DATA PROVIDED =
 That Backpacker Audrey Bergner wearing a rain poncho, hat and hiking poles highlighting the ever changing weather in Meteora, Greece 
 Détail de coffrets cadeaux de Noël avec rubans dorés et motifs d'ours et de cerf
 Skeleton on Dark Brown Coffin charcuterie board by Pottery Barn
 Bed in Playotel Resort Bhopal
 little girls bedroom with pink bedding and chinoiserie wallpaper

---

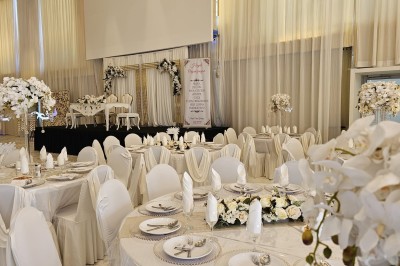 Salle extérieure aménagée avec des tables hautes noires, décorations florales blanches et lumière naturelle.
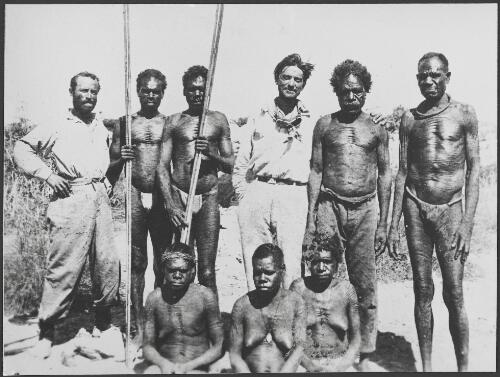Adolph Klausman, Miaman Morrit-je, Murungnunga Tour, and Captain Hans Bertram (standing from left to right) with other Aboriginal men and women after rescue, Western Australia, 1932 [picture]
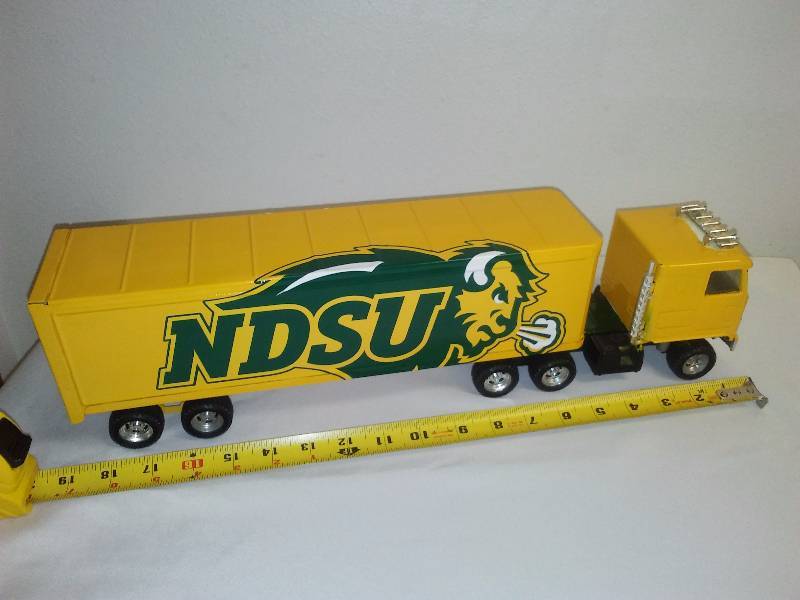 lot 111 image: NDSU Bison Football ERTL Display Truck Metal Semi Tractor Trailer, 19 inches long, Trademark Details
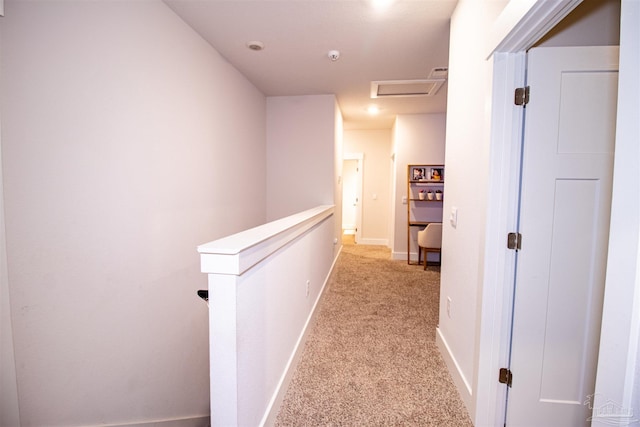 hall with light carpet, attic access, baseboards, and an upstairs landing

...

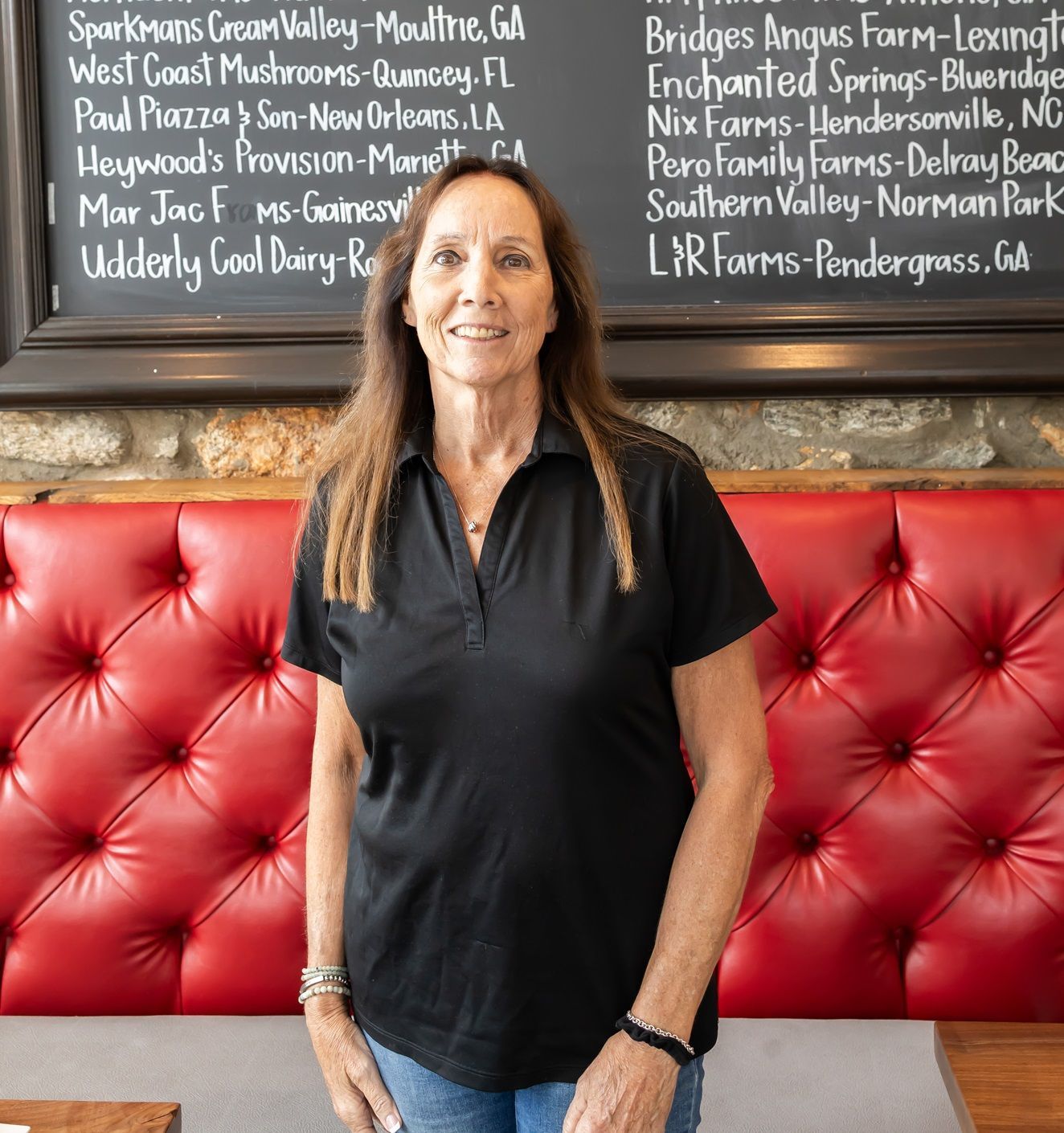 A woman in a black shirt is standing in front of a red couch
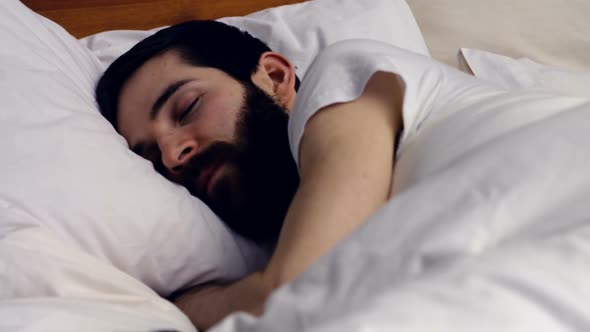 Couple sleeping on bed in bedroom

ACTIVITY = Your answer should be the exact lines above from the one with "That Backpacker Audrey" through the one with "little girls bedroom", both included, and nothing besides.

SOLUTION TO THE EXERCISE =
 That Backpacker Audrey Bergner wearing a rain poncho, hat and hiking poles highlighting the ever changing weather in Meteora, Greece 
 Détail de coffrets cadeaux de Noël avec rubans dorés et motifs d'ours et de cerf
 Skeleton on Dark Brown Coffin charcuterie board by Pottery Barn
 Bed in Playotel Resort Bhopal
 little girls bedroom with pink bedding and chinoiserie wallpaper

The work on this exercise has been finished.